TL;DR: GCC High is not a CMMC requirement, and the real decision hinges on scope, export control, timeline, and whether your cloud environment can demonstrate NIST SP 800-171 alignment under DFARS, according to Secureframe. The architectural choice is less about brand preference than about how cleanly you can isolate CUI, evidence controls, and avoid over-scoping.
At a glance
What this is: This guide compares GCC High with Microsoft 365 GCC, Google Workspace, AWS GovCloud, and CUI enclave architectures for CMMC scoping and cloud compliance.
Why it matters: It matters because cloud architecture decisions directly affect identity boundaries, access governance, and the evidence burden IAM, PAM, and compliance teams must defend during assessment.
👉 Read Secureframe's comparison of GCC High alternatives for CMMC
Context
GCC High is often treated as the default answer for CMMC, but the real issue is whether the organisation can meet NIST SP 800-171 requirements and contain Controlled Unclassified Information within a defensible boundary. For IAM and identity governance teams, the cloud choice changes where access is granted, how evidence is collected, and how tightly privileged access must be segmented across environments.
The decision becomes more nuanced when only part of the workforce touches CUI, export control does not apply, or the organisation needs a faster path to assessment. In those cases, enclave design, cloud segregation, and identity lifecycle controls matter more than simply moving everyone into a higher-assurance tenant. That is a common but not universal pattern across defence contractors.
Key questions
Q: What breaks when teams choose a CMMC cloud architecture before defining CUI scope?
A: The assessment boundary expands before the controls are proven, which means more identities, systems, and integrations must be evidenced and defended. That usually increases cost, slows migration, and creates ambiguity about which accounts are actually in scope. The result is not better compliance, just a harder compliance story to sustain.
Q: When should organisations choose an enclave instead of migrating the whole tenant?
A: An enclave is usually the better option when only a subset of users or systems handles CUI, especially if the rest of the organisation can stay on commercial services. It narrows the identity boundary, reduces privileged-access sprawl, and lowers the documentation burden. That makes assessment easier without overbuilding the environment.
Q: What do security teams get wrong about GCC High for CMMC?
A: They often assume GCC High is a compliance outcome rather than one possible control environment. GCC High can support export-controlled and higher-assurance requirements, but it does not replace evidence, governance, or NIST SP 800-171 implementation. The environment still has to be configured, monitored, and documented correctly.
Q: Who is accountable if CUI is mishandled in a cloud enclave?

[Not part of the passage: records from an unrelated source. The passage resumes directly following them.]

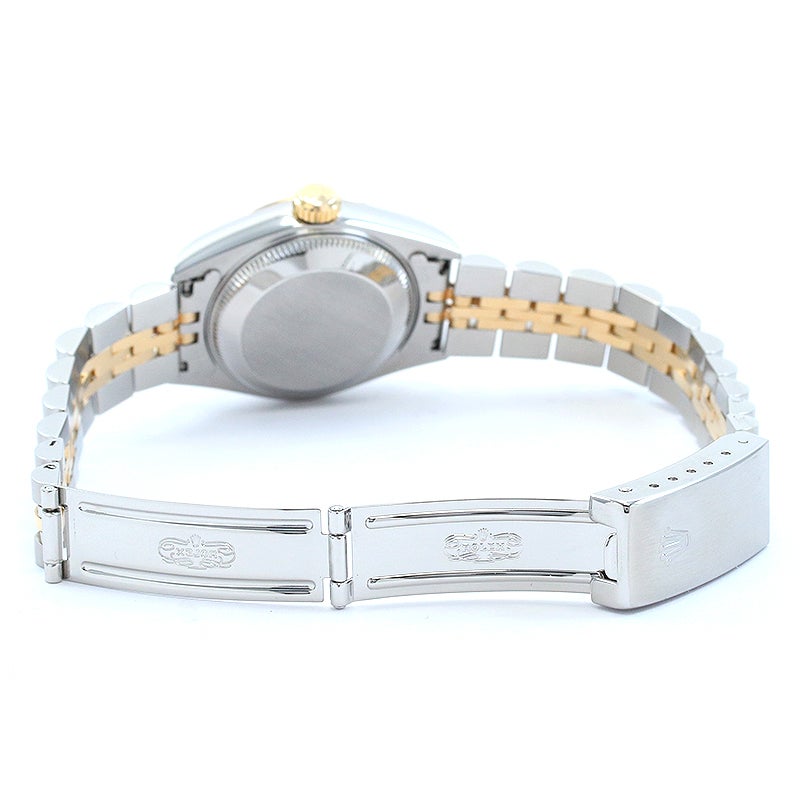 【中古】ROLEX OYSTER PERPETUAL LADY-DATEJUST 26 ロレックス オイスターパーペチュアル レディ デイトジャスト 26 69173G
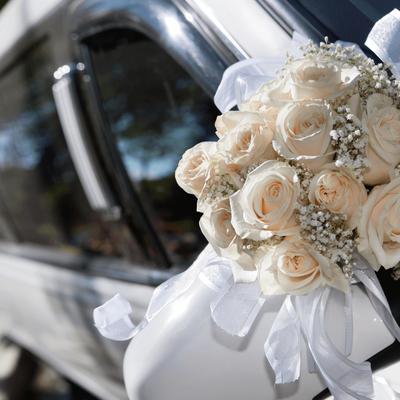 Wedding Day Limousine Services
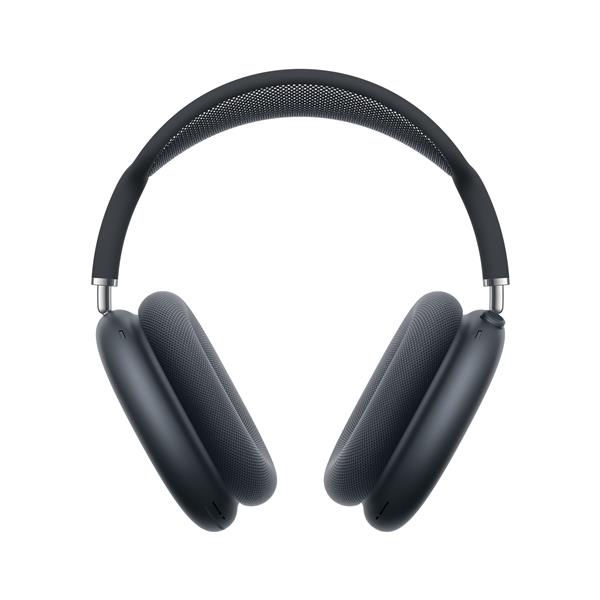 Cuffie Gaming Apple AirPods Max Mezzanotte Noise Cancelling Bluetooth - SKU: MWW43ZM/A - Immagine 5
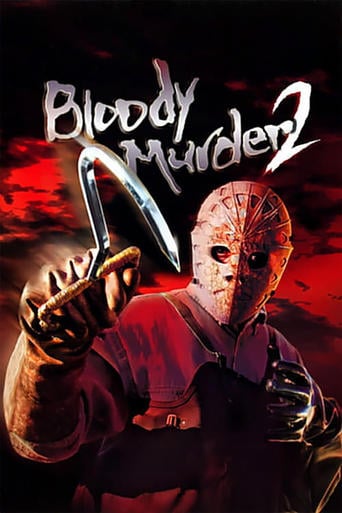 Bloody Murder 2: Closing Camp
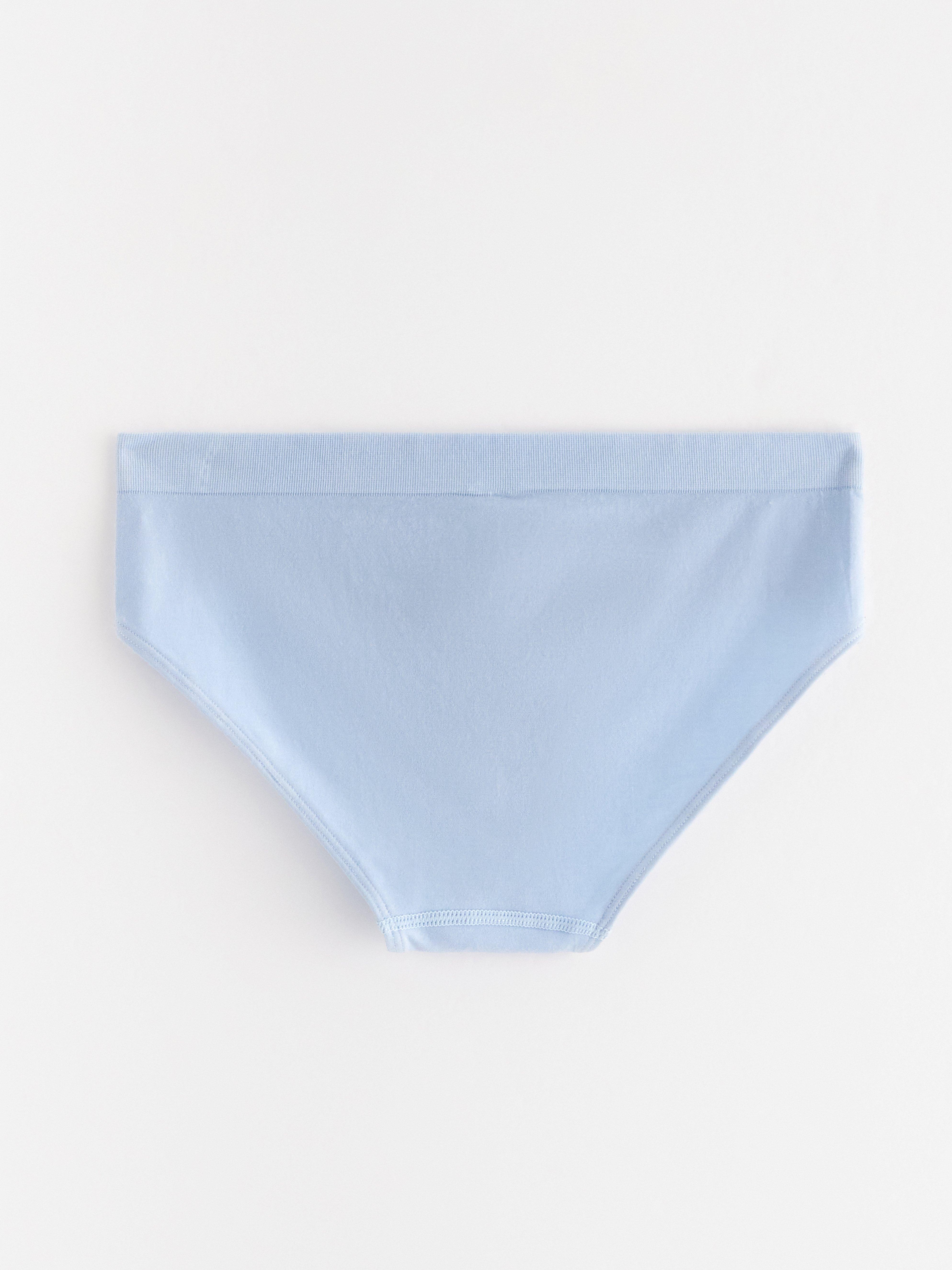 Bikini Regular - Lapset - Sininen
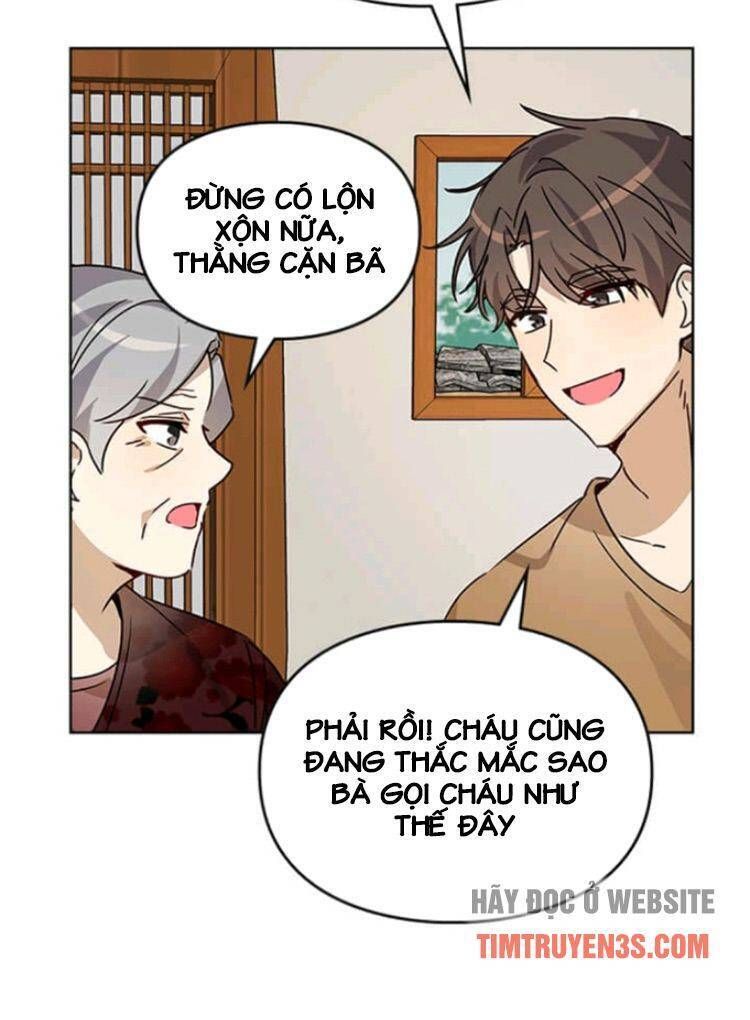 Tôi Trở Thành Một Người Cha Chương 11 page 47 - Giả Dược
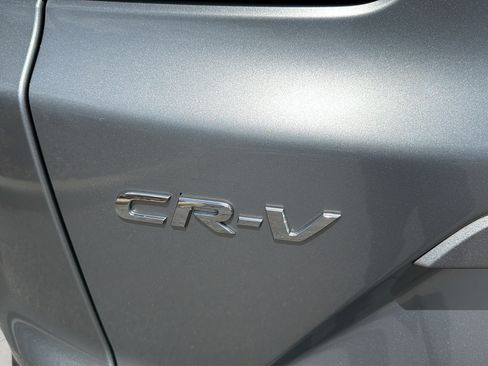 Used 2022 Honda CR-V EX image 44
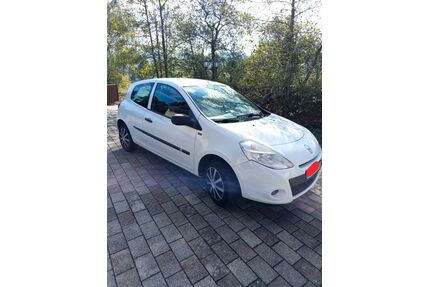 Renault Clio Gebrauchtwagen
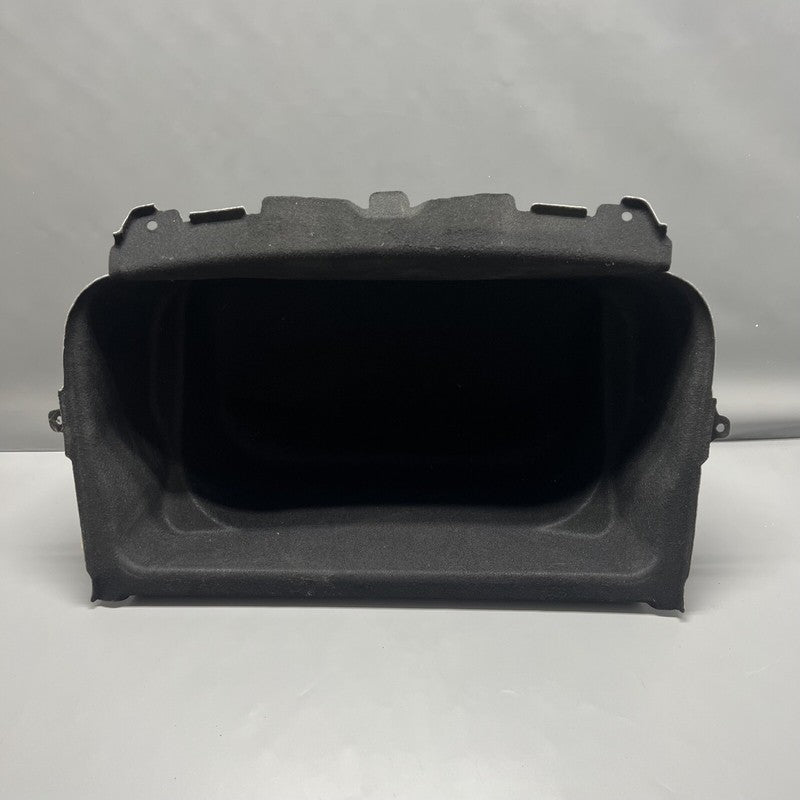 1516040-00-B TESLA MODEL Y FRUNK CARPET 2020 2021 2022 2023 OEM 1516040-00-B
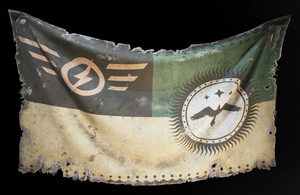 Gears 5 Vasgar flag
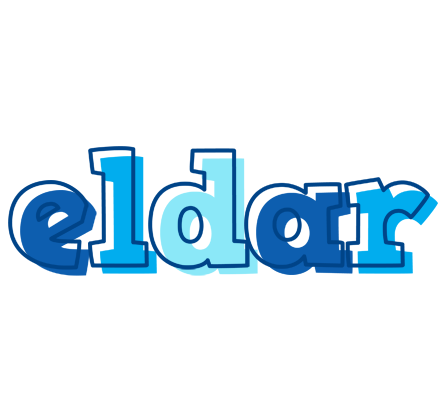 Eldar sailor logo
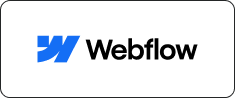 Webflow logo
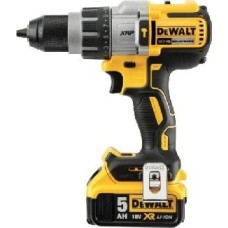 Дрель DEWALT DCD996P2-QW Дрель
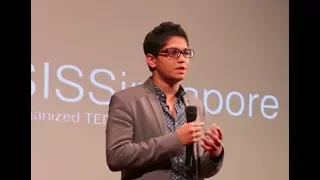 Redefining NGOs in the Age of Populism | Akshath Malik | TEDxNPSISSingapore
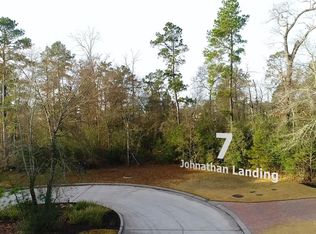 7 Johnathan Landing Ct, Spring, TX 77389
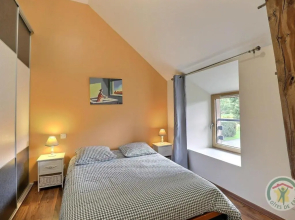 Gîte Plerguer, 5 pièces, 8 personnes - FR-1-538-104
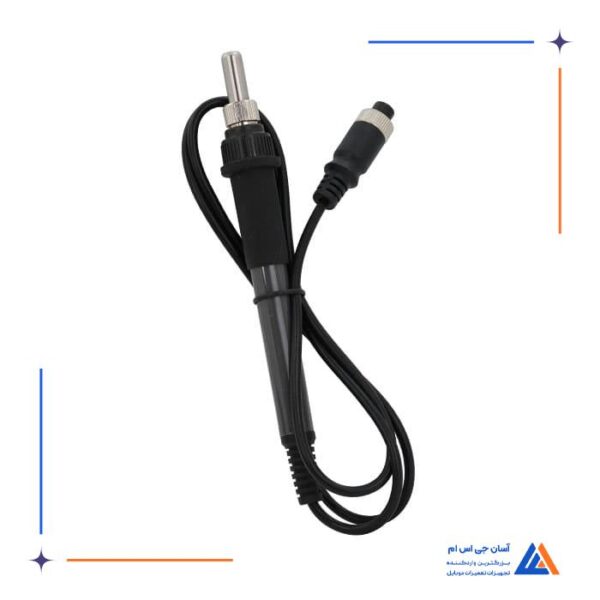 دسته هویه OSS TEAM T12D - Image 3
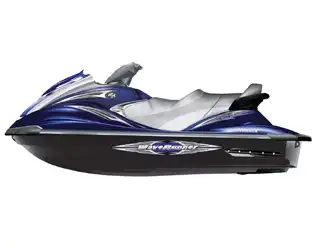 Yamaha MARINE JET FX160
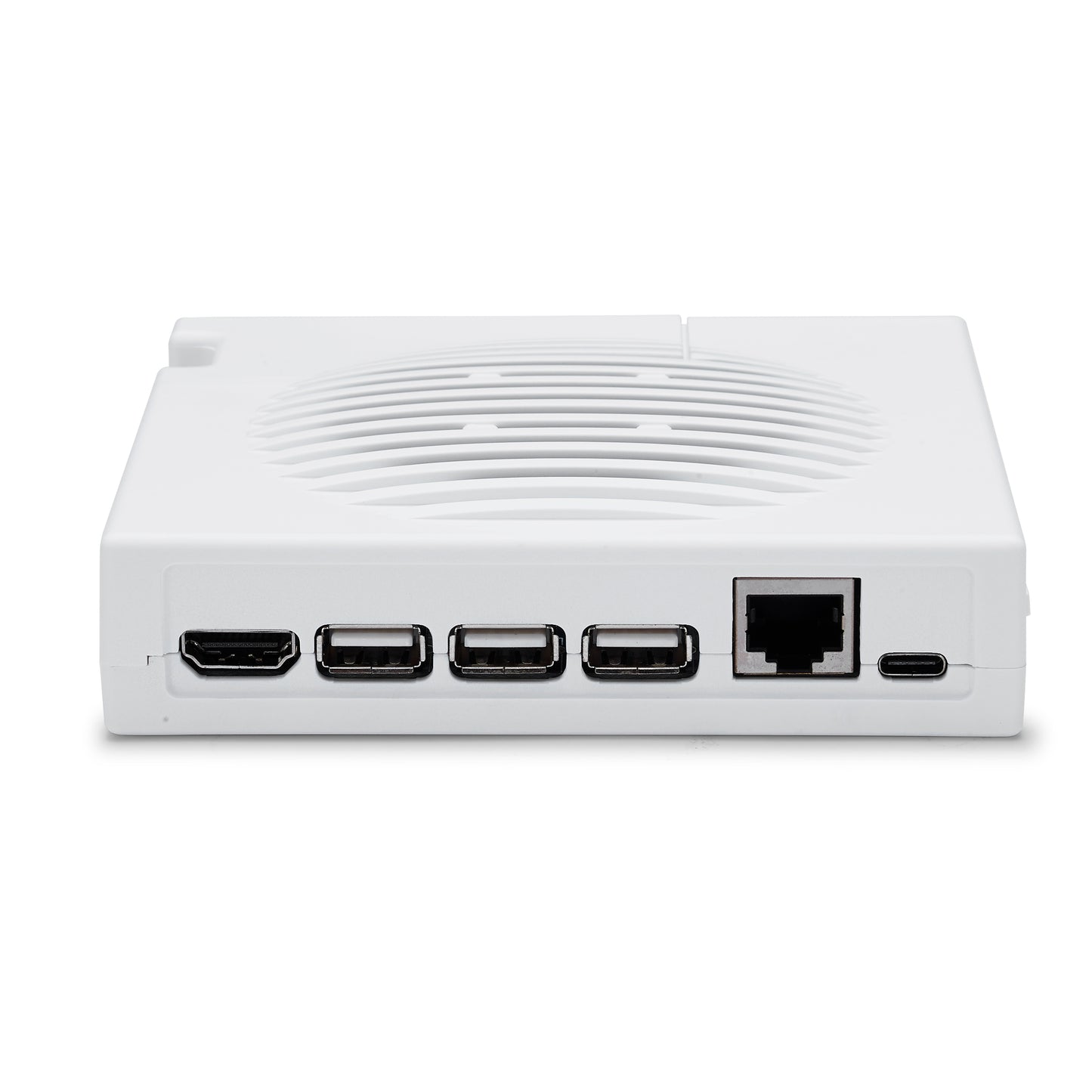 Raspberry Pi Zero 2 W Installed Within a Vilros Port Expanding/ Breakout Case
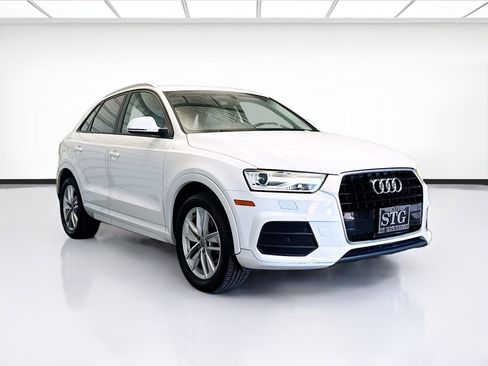 Used 2017 Audi Q3 2.0T Premium image 3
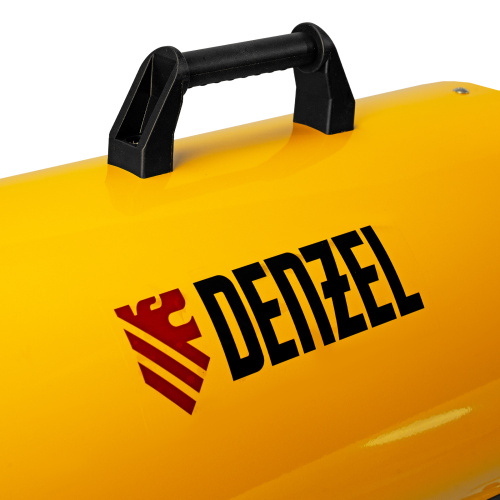 Газовая тепловая пушка GHG-30i, 30 кВт, цифровой термостат, пропан-бутан Denzel по ценам производителя в Санкт-Петербурге с доставкой по всей России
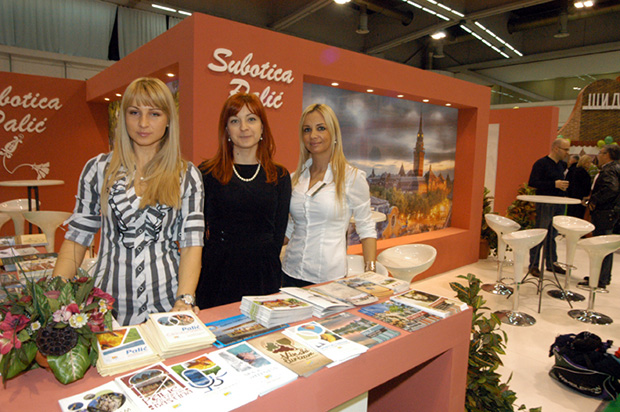 Palić najbolja domaća destinacija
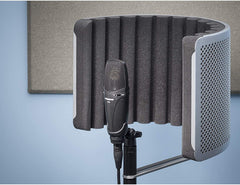 Samson CL8a Large Diaphragm Condenser Microphone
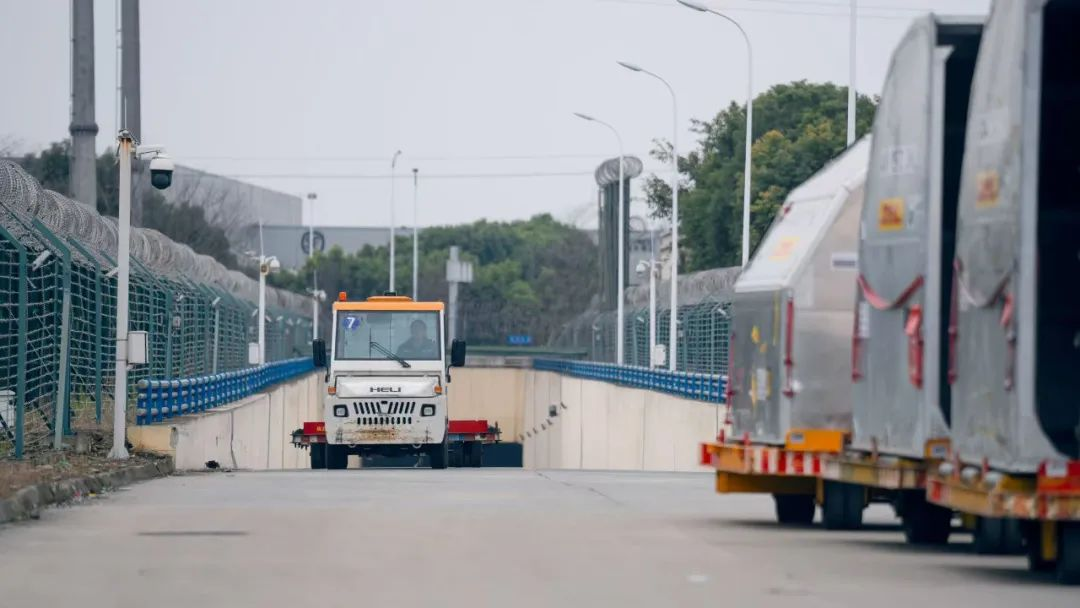 4月1日起跨境电商退货不再“绕路”，商品可全国跨关区通退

A: Accountability sits with the organisation that defines, operates, and proves the enclave boundary, not with the cloud provider alone. That includes identity owners, system owners, and compliance leads who must ensure access control, offboarding, and documentation stay aligned with the CUI scope. The provider supplies infrastructure, but the contractor owns the control evidence.
Technical breakdown
How CMMC scope changes the cloud and identity boundary
CMMC scoping starts with where CUI is stored, processed, or transmitted, then extends to the users, services, and administrative paths that can reach that data. In practice, the identity boundary is often broader than the application boundary because privileged admins, service accounts, and integrations can all become in-scope. That means tenant design, role assignment, and access segmentation affect both compliance evidence and attack surface. If the environment is over-scoped, the organisation inherits more controls, more documentation, and more assessment friction than the data path actually requires.
Practical implication: Define the CUI boundary first, then map identities, admin roles, and service connections to that boundary before choosing a cloud architecture.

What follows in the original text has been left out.